Antes, entristeci nas lives dele e não tô fazendo uma crítica racional. Também já entristeci com algumas parcerias pré-pandêmicas & comerciais, aparentemente generosas, que crendeuspai. Vaca Profana nunca mais foi a mesma depois de Maria Gadú. Caetano se referindo a ele mesmo, assistindo ao ele mesmo do passado, oferecendo seu acervo para que outros tentem brilhar, me deixa desamparada e eu sei que o problema é só meu, mas, sem esse problema, eu não teria o gozo de ouvi-lo sendo.

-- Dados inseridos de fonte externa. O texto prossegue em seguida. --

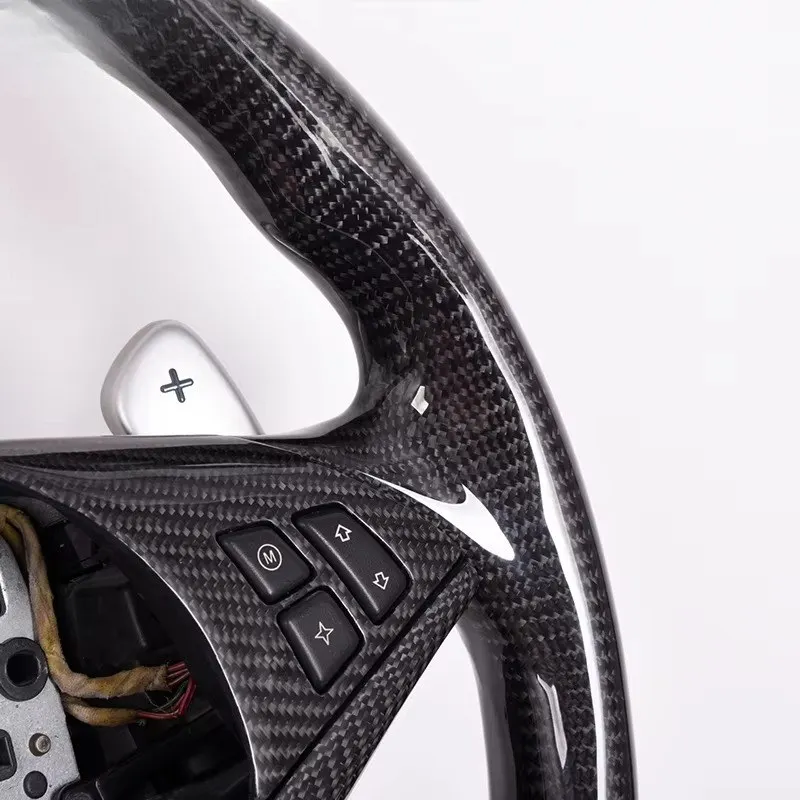 Custom Carbon Fiber Steering Wheel of Trim and Button Trim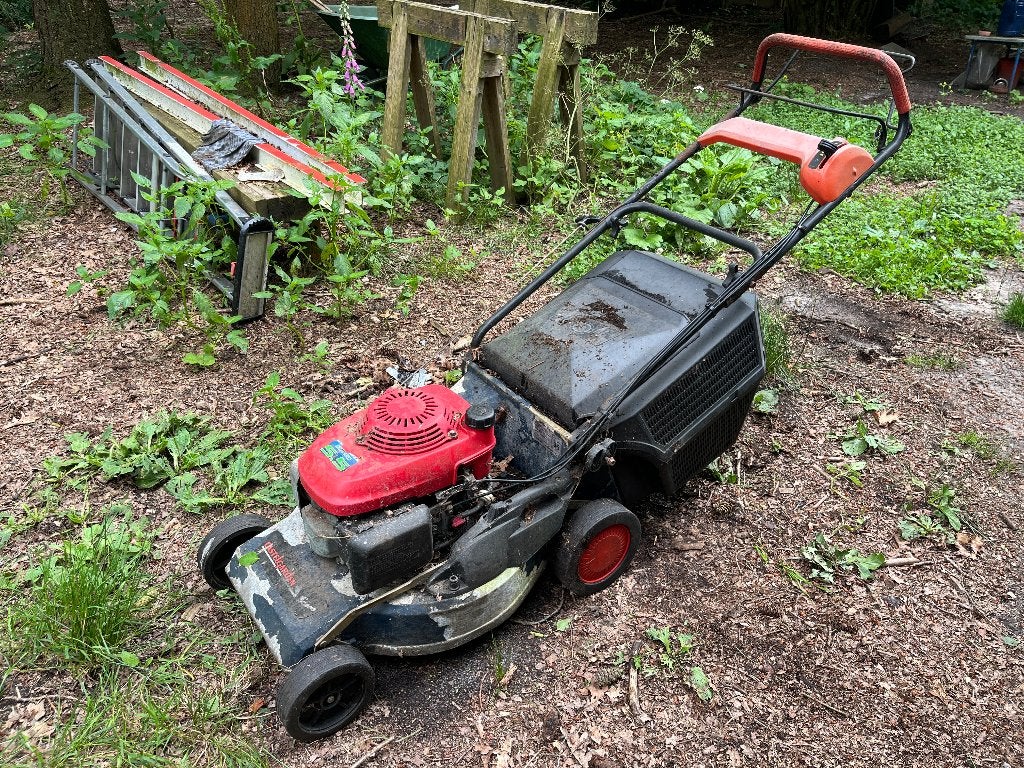 Honda Castelgarden benzinegrasmaaier met aandrijving, Ophalen, Cirkelmaaier, Gebruikt, Honda.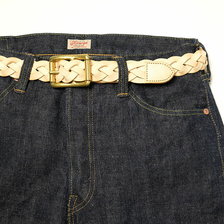 BURGUS PLUS Leather Mesh Belt BP19801画像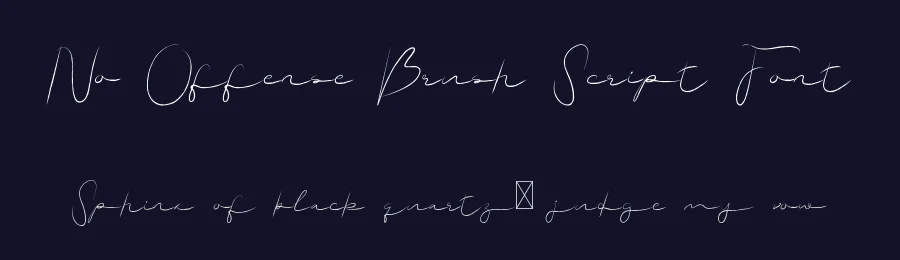 No Offense Brush Script Font by edricstudio — Script Handwritten Font — thumbnail 2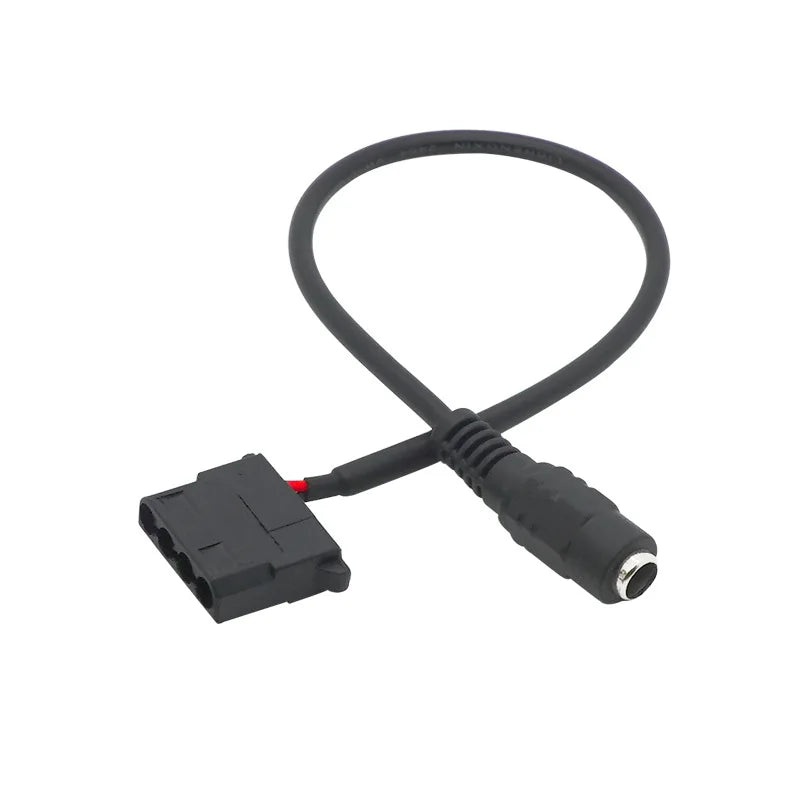 DC5521 to IDE Molex 4-Pin 12V Power Adapter Cable | OULLX Power Adapter Cable HIP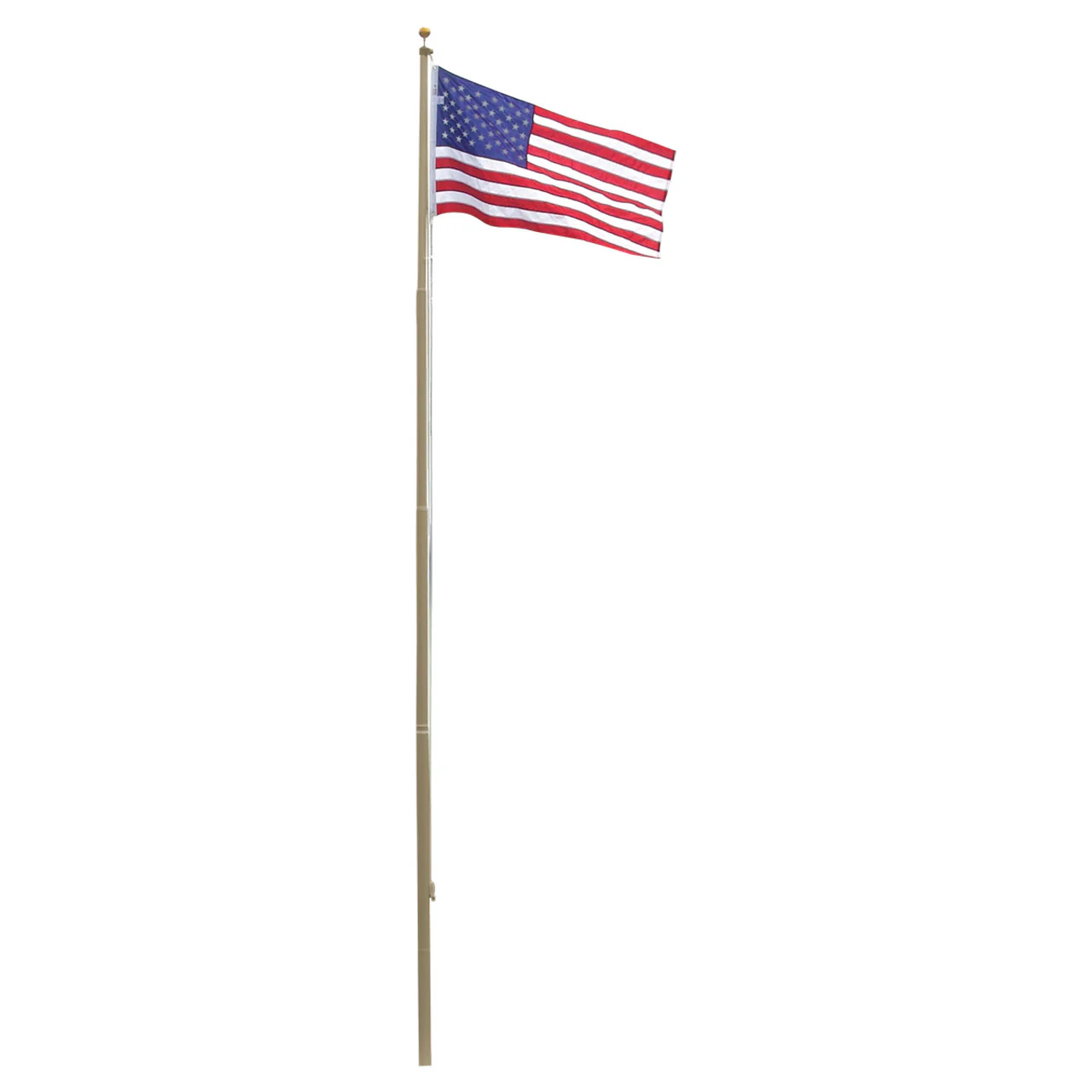 Super Tough 20ft Aluminum Sectional Residential Flagpole Kit - Image 3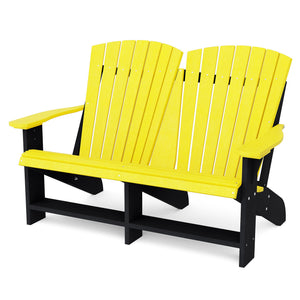 Heritage Double Adirondack Garden Bench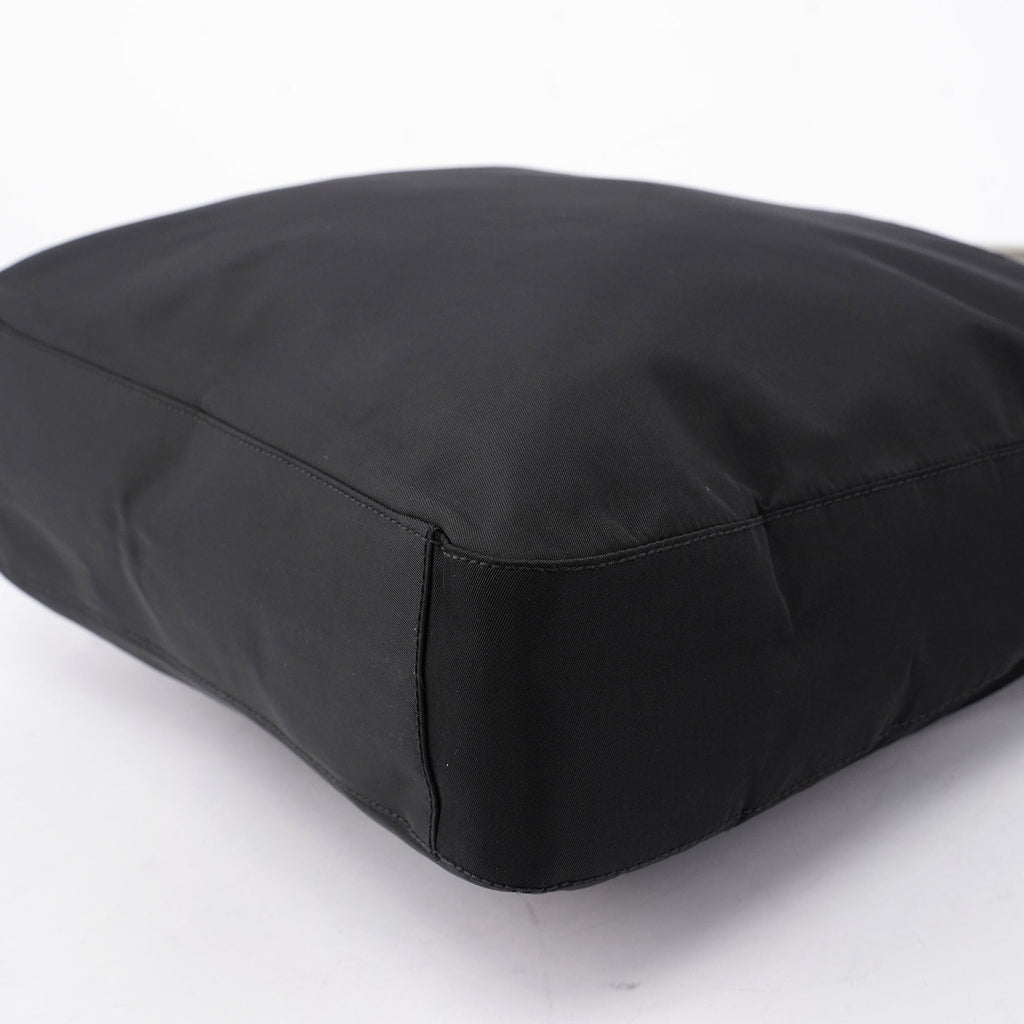 Black Tessuto Metallo Shoulder Bag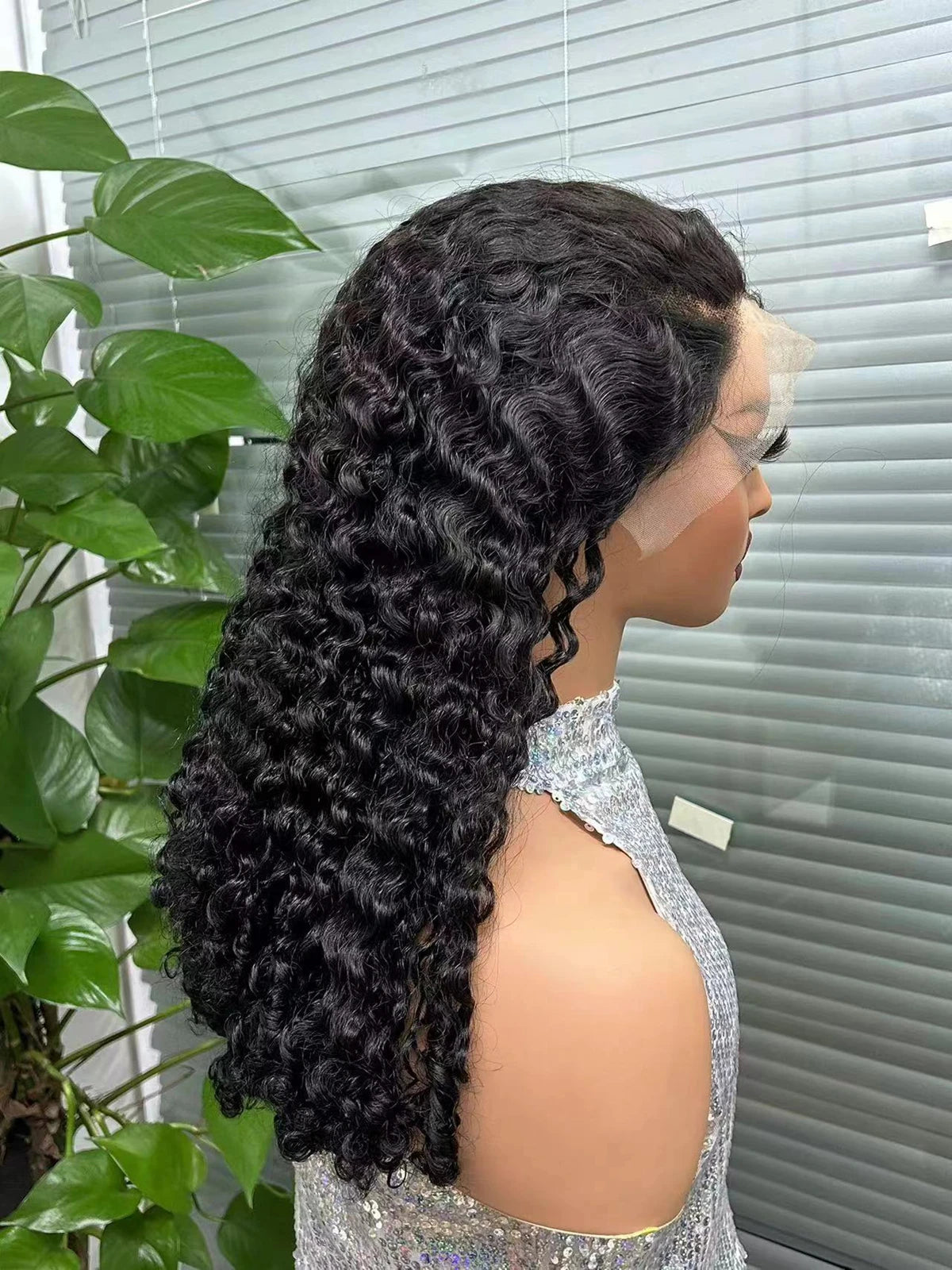 12A Brazilian Remy Human Hair 300% Density Piano Color Bouncy Curly Lace Front Wigs 13x4 Transparent Lace Frontal Long Hair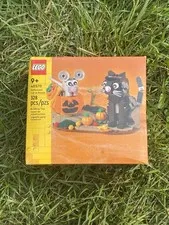 LEGO Halloween Cat And Mouse Set #40570 RARE, BRAND NEW, FACTORY SEALED.   [Crh]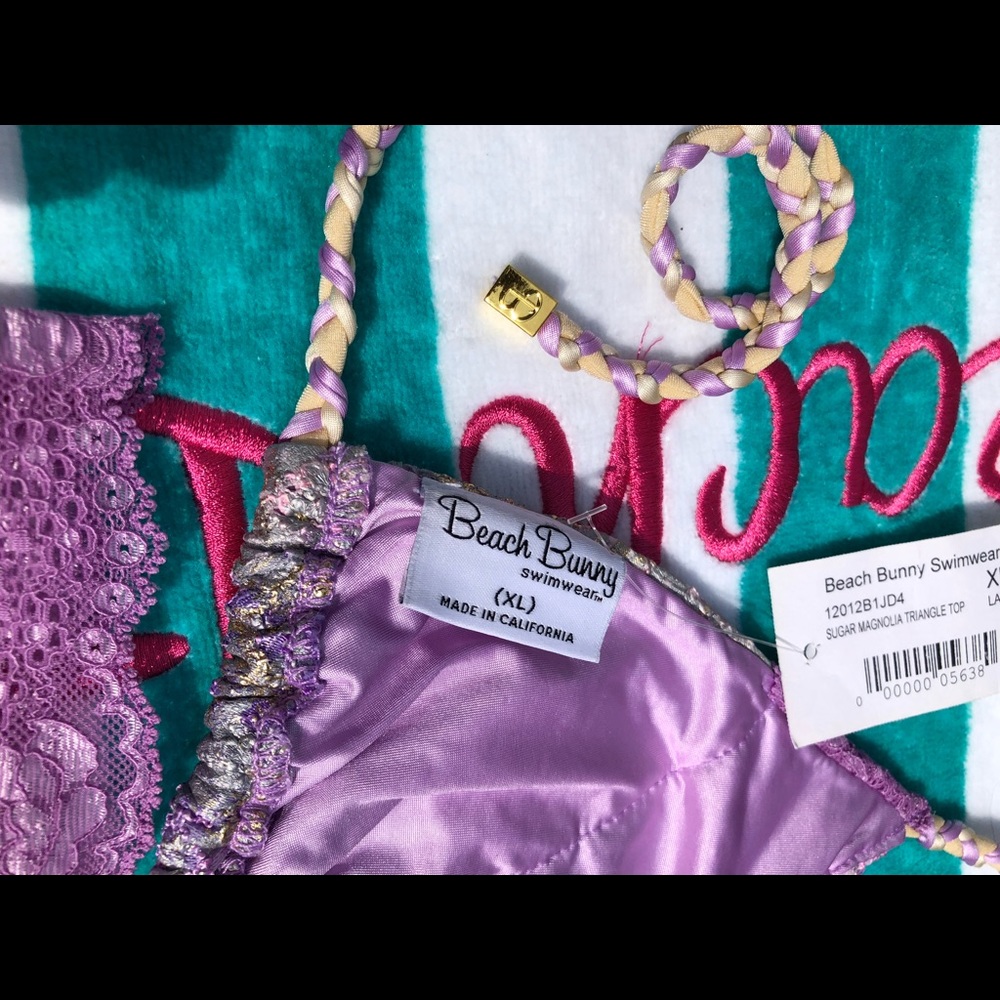 NWT Beach bunny Sugar Magnolias lavender XL set - Picture 12 of 16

Então, tá lindo e valendo demais.

Caetano sendo, em apenas um single, reconfigura o ranking do que achamos aceitável, bom ou genial, na música brasileira, de Abraçaço pra cá, quando ele já havia feito esse ajuste, anos atrás. Outra vez, ele eleva o padrão e quem quiser que lute. Falhando, quase sempre, claro. Anjos Tronchos explicita, por comparação, a nossa mediocridade e devia fazer calar. "É assim que se faz", ele diz, apenas juntando duas ou três (das próprias infinitas) referências com aquele pensamento louco e simples, acessível, veloz, genial. O resto é card de autoajuda, quase. Ou panfletinho. Ou tentativa que não chega lá.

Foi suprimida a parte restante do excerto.